Im Laufe des ersten Jahrs fielen immer wieder Kleinigkeiten auf, wie Desinteresse an Bauklötzen, Geschichten vorlesen und Unbelehrbarkeit von verbotenen Dingen ( an Steckdosen oder Herd darf man nicht spielen). Man konnte sich den Mund richtig fusselig reden und die Hände regelmäßig wegschieben, aber man merkte keine Böswilligkeit, sondern Unfähigkeit. Nach und nach lernte Joshua auch auf kleine Verbote zu reagieren. Das Krabbeln und Laufen erlernte er in einem für Jungen angemessenen Zeitraum. Der Kinderarzt war auch immer mit ihm zufrieden. Er war ja immer fröhlich und verweigerte für Kinder üblich ja lediglich die Mitarbeit, wenn man mal etwas vorführen sollte.
So fielen seine Defizite die erste zwei Jahre auch nicht so gravierend auf. Seine Sprache ließ aber mit zwei Jahren ordentlich zu wünschen übrig. So baten wir den Arzt um Klärung. Der Arzt selber hätte Joshua noch wenigstens ein halbes Jahr für die Sprachentwicklung Zeit gelassen. Auf unsere Bitte hin bekamen wir eine Überweisung zur Pädaudiologie in Düsseldorf.
Anhand eines uns zugeschickten Fragebogens bekamen wir einen Termin beim SPZ in Düsseldorf. Nach ausführlichen Tests wurde uns eine Entwicklungsverzögerung diagnostiziert. Es wurde uns eine therapeutische Behandlung und ein Sprachheilkindergarten empfohlen.

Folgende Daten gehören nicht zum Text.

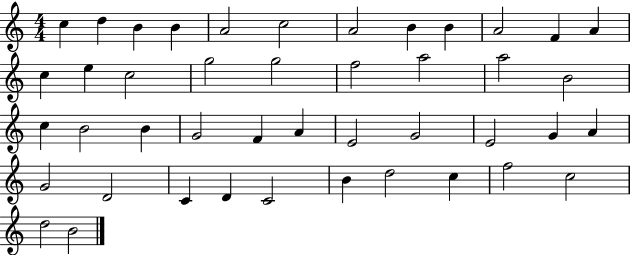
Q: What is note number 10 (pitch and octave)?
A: A4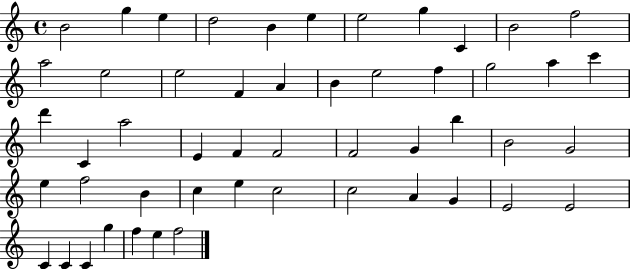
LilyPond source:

{
  \clef treble
  \time 4/4
  \defaultTimeSignature
  \key c \major
  b'2 g''4 e''4 | d''2 b'4 e''4 | e''2 g''4 c'4 | b'2 f''2 | \break a''2 e''2 | e''2 f'4 a'4 | b'4 e''2 f''4 | g''2 a''4 c'''4 | \break d'''4 c'4 a''2 | e'4 f'4 f'2 | f'2 g'4 b''4 | b'2 g'2 | \break e''4 f''2 b'4 | c''4 e''4 c''2 | c''2 a'4 g'4 | e'2 e'2 | \break c'4 c'4 c'4 g''4 | f''4 e''4 f''2 | \bar "|."
}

Der danach folgende Termin in der Pädaudiologie brachte uns zunächst die Gewissheit, dass er wohl hört, für die Stärkung der Kaumuskulatur jedoch härtere Lebensmittel essen solle.
Die nun beginnende Frühförderung brachte uns eine ganze Menge. Wir bekamen die Gewissheit Joshua bereits intuitiv in seinem Rahmen erzogen zu haben und neue Anregungen, was wir mit ihm spielen konnten um ihn gleichzeitig auch zu fördern. Joshua fühlte sich dort auch richtig wohl. Nach einem Jahr konnten wir ihn auch während der Therapie alleine mit der Therapeutin lassen. Denn bisher gab es außer uns Eltern lediglich mal für eine Stunde die Oma, welche als Bezugsperson anerkannt wurde. Sobald mal jemand anderes hätte aufpassen sollen, weinte Joshua fast die ganze Zeit.
Auf der Suche nach einem Kindergarten wurde uns seitens der Stadt ein integrativer Kindergarten mit einer heilpädagogischen Gruppe empfohlen. Bei der Besichtigung des Kindergartens kam uns gleich eine sehr nette Erzieherin (Joshuas zukünftige Gruppenleiterin) entgegen und zeigte Joshua gleich den Gruppenraum. Joshua ging sofort einfach mit und blieb dort die ganze Stunde ohne uns zu sehen, während wir uns den Kindergarten ansahen und ihn entsprechend auch gleich anmeldeten. Wir hatten sofort das Gefühl, dass Joshua hier super aufgehoben sein würde.
Mittlerweile war Joshua 3 ½ Jahre alt, stand wieder ein neuer Untersuchungstermin in Düsseldorf an. Da Joshua keine großen messbaren Fortschritte gemacht hatte, wurde uns jetzt eine Entwicklungsstörung bescheinigt. Auf die Möglichkeit einer humangenetischen Untersuchung mussten wir den Arzt selber hinweisen. Aufgrund der bisherigen Entwicklung hatten wir uns natürlich auch im Internet nach Krankheitsbildern erkundigt.
Also machten wir einen Termin bei der Humangenetik in Essen. Kaum dort angekommen stand der Anfangsverdacht FraX bereits schnell fest.
Kurz vor seinem 4 Geburtstag bekamen wird die schriftliche Diagnose.